Scientists desperately try to put values on body functions to measure and classify symptoms. This enables statistical comparisons to evaluate the effects of diseases and treatments. Defaecation is a good example of this and also of the influence of history, fashions and personal opinions. For example, faeces are currently fitted into seven categories according to their appearance as shown in Table 1. Types 3 to 5 are considered ‘normal’. Types 6 & 7 indicate ‘diarrhoea’ and Types 1 & 2 are the result of slow movement through the colon giving ‘constipation’.

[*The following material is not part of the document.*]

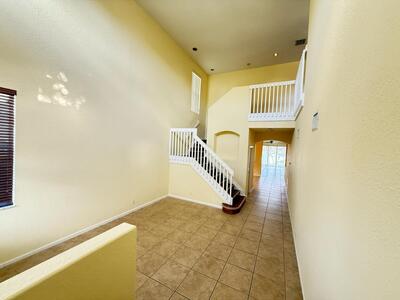 5074 Massy Drive, Lake Worth, FL 33463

TABLE 1. CATEGORIES OF FAECES BY APPEARANCE
TYPE | APPEARANCE |
1 | Small separate hard lumps |
2 | Like lumps stuck together |
3 | Sausage shaped with cracks and lumpy surface |
4 | Soft sausage shaped, smooth surface |
5 | Soft blobs with definite shape |
6 | Mushy blobs |
7 | Watery with no solid parts |
‘Normal’ performance as measured by the number of daily visits to the toilet has changed with fashion over the years. In the good old days when laudanum (opium tincture) was a favourite tipple, it’s constipating effects might have lead to the use of laxatives to meet a once-a-day ideal. A range is now recognised as normal – not more than 2-3 times a day but more than 2-3 times a week. Some writers suggest that after every meal is the ideal frequency, but people with this as a type of Irritable Bowel Syndrome (IBS) would certainly not agree.
Comparisons made between Western and African diets in the 1970s lead to an ideal faeces daily weight of 500g. This hardly seems achievable compared with the usual values shown in Table 2. Endemic dysentery does not appear to have been considered in the promotion of African values as the western goal. More recently, one English gastroenterologist has written that the passage of more than 200g of stool a day should be considered diarrhoea. This would include the effects of most vegetarian diets.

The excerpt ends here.